There are countless cities around the world and many of them have characteristics so distinct that people can easily tell them apart; however, most cities are also structurally similar since they all have the same components such as buildings, transportation, and pedestrians. What seperate them from each other is usually the appearance of these components. In other words, cities share the same underlying semantic representation in a similar way as the images of horses and zebras or maps and satellite images.
It is nearly impossible to collect at scale images of 2 cities that are pair-wise pose-aligned. Therefore we decided to use CycleGAN to perform unpaired and unsupervised translation between cities. The 2 candidates we chose are Paris and Burano Island of Venice, the most colorful place in the world. They are ideal for this task because the two have very distinct building styles and more importantly, Venice has many canals in place of roads in a conventional city. It would be very interesting to see the tranlsation between roads and canals. We collected the data by scraping approximate 1500 images for each city from Flickr. Some interesting observations can be made from the results apart from changin the street to canal and vice versa. For example, it becomes increasingly obvious that Paris has way more trees than Burano as the network often adds trees going from Burano to Paris. In the other direction, trees are all turned into houses. We can also see that Paris has much taller buildings so the upper part of buildings are erased going from Paris to Burano. Likewise, buildings are grown taller going from Burano to Paris.

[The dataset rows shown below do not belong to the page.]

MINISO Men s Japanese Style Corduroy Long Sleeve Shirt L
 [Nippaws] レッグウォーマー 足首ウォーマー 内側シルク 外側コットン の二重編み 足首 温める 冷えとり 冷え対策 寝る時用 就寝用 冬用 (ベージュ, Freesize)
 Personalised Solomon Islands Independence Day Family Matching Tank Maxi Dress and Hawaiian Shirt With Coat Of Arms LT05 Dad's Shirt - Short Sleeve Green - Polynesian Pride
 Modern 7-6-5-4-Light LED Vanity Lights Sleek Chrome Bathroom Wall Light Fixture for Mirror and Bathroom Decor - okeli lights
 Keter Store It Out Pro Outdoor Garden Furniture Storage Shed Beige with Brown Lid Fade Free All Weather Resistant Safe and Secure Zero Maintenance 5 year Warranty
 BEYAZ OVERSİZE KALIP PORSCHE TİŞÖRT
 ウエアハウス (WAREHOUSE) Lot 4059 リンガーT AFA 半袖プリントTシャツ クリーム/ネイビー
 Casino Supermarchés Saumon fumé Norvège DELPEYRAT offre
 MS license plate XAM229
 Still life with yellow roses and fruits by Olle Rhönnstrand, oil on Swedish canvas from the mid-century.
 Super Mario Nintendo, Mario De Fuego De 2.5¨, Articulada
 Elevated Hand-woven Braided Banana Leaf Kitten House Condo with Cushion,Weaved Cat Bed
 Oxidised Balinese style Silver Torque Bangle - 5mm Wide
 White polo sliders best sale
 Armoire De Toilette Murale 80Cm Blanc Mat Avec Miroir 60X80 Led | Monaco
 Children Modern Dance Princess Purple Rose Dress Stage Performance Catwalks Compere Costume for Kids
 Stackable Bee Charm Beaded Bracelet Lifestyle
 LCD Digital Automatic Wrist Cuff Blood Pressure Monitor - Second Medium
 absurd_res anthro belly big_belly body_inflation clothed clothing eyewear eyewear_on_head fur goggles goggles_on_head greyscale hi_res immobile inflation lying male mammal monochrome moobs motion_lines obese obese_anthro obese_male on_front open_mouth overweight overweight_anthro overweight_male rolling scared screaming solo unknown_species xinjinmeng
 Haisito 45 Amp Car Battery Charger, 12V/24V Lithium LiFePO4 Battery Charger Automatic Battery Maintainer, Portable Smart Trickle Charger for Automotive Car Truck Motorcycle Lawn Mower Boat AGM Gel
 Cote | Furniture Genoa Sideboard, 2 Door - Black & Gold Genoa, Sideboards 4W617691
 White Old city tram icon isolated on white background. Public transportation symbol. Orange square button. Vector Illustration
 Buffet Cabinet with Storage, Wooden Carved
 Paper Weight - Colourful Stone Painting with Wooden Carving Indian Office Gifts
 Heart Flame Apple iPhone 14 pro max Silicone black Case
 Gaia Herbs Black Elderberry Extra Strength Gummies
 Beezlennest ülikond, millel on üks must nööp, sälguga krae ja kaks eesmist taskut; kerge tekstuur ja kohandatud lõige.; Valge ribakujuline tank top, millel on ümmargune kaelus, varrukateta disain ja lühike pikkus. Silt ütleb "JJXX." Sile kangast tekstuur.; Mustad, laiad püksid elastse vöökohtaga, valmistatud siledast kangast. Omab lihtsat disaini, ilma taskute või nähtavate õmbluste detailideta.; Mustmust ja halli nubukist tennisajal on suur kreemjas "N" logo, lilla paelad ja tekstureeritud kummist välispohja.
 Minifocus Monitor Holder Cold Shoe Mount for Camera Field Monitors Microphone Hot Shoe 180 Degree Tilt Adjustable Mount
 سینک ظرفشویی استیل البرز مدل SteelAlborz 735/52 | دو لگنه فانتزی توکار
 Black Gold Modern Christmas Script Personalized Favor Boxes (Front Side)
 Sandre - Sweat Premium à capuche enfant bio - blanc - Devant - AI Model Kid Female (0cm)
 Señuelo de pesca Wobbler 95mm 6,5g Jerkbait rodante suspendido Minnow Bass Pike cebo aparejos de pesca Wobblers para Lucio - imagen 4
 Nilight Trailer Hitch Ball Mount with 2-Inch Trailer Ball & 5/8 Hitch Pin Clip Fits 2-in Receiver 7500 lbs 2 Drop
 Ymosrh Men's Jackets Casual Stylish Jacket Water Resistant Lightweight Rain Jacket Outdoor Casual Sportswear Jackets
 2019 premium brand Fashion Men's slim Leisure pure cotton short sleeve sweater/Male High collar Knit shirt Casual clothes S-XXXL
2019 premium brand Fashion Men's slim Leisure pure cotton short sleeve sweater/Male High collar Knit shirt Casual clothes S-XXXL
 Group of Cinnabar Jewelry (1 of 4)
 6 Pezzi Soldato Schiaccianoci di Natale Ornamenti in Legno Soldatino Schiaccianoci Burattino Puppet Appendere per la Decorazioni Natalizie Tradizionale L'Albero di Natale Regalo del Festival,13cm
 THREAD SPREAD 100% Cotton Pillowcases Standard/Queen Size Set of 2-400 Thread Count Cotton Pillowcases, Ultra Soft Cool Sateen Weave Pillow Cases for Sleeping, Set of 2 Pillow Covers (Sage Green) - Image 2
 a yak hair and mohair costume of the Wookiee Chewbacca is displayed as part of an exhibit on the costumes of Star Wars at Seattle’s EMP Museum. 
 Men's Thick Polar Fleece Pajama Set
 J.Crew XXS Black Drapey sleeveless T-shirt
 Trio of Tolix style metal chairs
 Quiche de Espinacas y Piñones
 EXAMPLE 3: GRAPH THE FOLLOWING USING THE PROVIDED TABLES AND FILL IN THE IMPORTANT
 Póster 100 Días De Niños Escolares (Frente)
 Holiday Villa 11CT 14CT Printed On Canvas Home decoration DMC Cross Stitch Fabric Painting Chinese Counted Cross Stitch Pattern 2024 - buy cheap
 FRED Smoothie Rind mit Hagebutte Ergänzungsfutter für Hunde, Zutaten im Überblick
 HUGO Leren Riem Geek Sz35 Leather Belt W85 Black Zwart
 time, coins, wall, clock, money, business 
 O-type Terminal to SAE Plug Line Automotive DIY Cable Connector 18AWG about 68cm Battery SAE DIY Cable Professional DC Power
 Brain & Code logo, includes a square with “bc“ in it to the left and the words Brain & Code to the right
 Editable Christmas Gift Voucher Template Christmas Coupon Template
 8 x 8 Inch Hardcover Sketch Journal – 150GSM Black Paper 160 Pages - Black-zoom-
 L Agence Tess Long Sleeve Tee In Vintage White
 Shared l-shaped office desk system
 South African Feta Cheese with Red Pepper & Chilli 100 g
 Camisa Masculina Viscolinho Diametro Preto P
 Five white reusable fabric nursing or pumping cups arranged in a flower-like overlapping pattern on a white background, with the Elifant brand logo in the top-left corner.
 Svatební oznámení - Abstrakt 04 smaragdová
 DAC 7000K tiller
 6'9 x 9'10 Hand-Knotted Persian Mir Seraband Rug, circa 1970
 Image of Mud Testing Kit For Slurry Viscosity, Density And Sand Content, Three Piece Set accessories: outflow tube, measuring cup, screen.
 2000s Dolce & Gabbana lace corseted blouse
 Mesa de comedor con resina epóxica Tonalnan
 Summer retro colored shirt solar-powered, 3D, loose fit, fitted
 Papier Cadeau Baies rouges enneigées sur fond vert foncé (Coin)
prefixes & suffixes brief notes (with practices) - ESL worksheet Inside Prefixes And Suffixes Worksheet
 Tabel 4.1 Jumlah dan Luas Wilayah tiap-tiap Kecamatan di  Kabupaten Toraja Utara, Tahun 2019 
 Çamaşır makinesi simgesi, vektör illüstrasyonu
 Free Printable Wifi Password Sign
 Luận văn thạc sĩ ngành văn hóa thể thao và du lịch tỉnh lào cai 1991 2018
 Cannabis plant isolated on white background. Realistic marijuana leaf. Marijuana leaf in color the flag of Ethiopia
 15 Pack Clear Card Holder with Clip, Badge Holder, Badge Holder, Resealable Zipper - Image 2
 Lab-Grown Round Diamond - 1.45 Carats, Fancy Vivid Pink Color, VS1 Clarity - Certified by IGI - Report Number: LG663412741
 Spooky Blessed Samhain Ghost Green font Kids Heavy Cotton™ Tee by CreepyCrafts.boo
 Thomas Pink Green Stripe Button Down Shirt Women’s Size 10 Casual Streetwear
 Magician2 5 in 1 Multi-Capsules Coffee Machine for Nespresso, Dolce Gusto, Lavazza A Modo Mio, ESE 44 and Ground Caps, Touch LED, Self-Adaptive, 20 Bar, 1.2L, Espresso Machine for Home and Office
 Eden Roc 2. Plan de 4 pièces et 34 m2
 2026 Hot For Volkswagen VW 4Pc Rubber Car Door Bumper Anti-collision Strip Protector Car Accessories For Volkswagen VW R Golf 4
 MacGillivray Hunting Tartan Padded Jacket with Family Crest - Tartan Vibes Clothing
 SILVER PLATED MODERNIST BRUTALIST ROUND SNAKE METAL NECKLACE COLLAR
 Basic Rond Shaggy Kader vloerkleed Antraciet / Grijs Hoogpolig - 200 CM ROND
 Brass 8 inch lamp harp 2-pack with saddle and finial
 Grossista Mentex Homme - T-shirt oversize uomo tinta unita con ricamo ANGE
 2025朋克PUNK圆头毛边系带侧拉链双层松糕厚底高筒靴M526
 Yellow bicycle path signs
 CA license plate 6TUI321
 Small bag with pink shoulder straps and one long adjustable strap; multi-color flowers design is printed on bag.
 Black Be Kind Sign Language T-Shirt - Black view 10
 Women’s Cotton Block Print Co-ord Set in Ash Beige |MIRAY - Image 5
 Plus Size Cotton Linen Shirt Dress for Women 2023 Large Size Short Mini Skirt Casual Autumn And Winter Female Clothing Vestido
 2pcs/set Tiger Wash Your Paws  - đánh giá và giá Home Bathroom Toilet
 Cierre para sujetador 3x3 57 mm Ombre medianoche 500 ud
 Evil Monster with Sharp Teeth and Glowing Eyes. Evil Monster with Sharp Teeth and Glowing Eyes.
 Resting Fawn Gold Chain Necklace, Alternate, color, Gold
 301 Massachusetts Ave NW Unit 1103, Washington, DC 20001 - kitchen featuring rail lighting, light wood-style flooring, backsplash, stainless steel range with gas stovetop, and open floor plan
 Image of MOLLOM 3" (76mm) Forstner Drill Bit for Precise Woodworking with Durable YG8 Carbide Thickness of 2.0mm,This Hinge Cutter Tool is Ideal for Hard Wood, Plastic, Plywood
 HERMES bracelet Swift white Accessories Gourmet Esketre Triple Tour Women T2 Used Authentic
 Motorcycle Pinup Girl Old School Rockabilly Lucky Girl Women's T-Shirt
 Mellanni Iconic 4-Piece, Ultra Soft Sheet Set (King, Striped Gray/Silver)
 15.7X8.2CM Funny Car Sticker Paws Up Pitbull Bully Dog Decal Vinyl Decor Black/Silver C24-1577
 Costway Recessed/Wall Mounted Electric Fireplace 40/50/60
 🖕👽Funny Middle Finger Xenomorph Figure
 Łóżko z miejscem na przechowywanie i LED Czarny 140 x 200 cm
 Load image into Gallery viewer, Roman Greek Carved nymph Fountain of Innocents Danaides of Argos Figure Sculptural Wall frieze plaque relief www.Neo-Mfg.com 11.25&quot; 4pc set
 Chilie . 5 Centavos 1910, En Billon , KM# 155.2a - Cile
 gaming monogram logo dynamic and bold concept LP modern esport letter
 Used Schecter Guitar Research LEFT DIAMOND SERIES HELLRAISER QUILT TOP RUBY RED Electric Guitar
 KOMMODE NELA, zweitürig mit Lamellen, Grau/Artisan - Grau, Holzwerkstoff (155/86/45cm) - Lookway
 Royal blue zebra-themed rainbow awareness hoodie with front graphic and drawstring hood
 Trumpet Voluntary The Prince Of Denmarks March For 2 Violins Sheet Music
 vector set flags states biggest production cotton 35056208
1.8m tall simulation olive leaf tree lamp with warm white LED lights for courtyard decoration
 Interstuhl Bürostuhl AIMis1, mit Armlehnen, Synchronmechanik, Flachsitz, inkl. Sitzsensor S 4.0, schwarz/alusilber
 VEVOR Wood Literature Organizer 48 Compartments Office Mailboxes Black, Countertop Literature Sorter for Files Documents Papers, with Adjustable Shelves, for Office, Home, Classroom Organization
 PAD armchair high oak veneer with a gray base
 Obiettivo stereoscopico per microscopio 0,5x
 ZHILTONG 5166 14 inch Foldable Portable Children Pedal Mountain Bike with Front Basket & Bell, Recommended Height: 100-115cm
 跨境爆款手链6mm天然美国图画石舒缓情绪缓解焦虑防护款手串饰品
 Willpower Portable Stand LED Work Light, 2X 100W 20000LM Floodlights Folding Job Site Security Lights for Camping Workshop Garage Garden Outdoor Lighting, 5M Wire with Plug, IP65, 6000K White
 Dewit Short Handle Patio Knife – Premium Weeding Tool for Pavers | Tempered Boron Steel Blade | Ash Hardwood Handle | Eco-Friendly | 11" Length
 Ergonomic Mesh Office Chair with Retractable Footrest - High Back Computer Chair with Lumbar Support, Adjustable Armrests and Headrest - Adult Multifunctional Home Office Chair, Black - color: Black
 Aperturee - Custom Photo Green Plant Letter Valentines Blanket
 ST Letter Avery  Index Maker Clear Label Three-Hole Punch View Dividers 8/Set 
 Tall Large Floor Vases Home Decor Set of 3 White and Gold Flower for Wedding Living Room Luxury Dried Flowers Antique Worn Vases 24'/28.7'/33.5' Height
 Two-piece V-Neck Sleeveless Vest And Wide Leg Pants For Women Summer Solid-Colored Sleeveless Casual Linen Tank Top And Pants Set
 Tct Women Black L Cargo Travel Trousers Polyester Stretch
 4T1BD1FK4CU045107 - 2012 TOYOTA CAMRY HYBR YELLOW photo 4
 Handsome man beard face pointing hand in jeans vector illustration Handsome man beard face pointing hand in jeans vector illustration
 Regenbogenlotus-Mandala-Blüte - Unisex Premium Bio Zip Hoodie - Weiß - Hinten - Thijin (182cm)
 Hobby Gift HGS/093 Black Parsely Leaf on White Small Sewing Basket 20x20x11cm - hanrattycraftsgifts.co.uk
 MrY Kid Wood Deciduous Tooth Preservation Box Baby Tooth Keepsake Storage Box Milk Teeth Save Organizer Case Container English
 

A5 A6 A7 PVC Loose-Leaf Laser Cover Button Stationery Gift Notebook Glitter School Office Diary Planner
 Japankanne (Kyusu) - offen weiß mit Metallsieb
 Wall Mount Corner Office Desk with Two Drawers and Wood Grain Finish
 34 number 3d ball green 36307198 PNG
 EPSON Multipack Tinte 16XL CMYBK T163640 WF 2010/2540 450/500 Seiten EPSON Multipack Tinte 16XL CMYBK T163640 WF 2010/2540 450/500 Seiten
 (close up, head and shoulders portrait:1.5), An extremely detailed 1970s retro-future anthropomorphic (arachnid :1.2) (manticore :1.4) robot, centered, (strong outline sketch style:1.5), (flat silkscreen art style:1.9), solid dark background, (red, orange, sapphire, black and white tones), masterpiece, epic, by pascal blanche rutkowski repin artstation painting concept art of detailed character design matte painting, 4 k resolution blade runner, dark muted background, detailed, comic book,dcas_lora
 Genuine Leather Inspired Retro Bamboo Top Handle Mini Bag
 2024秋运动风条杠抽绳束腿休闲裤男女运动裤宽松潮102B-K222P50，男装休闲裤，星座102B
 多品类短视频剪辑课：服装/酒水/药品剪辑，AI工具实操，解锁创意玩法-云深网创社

During experiment, we had some surprising foundings about CycleGAN. The network itself was trained on images of 128x128, but since the neural network is convolutional, we were able to apply it to images 256x256. The network, perhaps rather counter-intuitively, worked on 256x256 as well. The image at the top of this page is produced by running 256x256 photo through a CycleGAN trained on 128x128 photo. This may imply that many features learned by CycleGAN is invariant to scales which may explains why it excels at translating textures but has a hard time morphing shapes.
Google Street View panoramas include depth maps which gives us a depth value for each image. We became interested in using GANs to translate from depth maps to RGB images, using this Street View data. By applying these learned models to depth maps from a different city, we could then achieve the city-to-city image translation goal.
Modifying some existing scraping tools, we implemented a scraper to densely sample these panoramas and depth maps in a certain region. The scraper starts from a central latitude and longitude position and then does a depth first search (each panorama can be linked to its neighboring panoramas).
After scraping thousands of panoramas from Paris and Manhattan, we tried to train GANs directly on the spherical panoramas, but this did not produce great results. Instead, we created projected views by projecting the spherical panorama to a cube map. We then trained a Pix2Pix model on the projected images. Example test results of our trained models are shown below:
Using the Street View data, we also trained a model in the other direction for each city, taking input RGB data and producing depth maps. Then we can do city image translation with the following process: take an image from City A, producing a depth map using our RGB->depth model trained on City A, and then feeding that depth map to our depth->RGB model trained in City B.
Although each model is trained with depth maps, the final combined model does not require depth input and performs city image translation with RGB data only. Example test results of our trained models are shown above.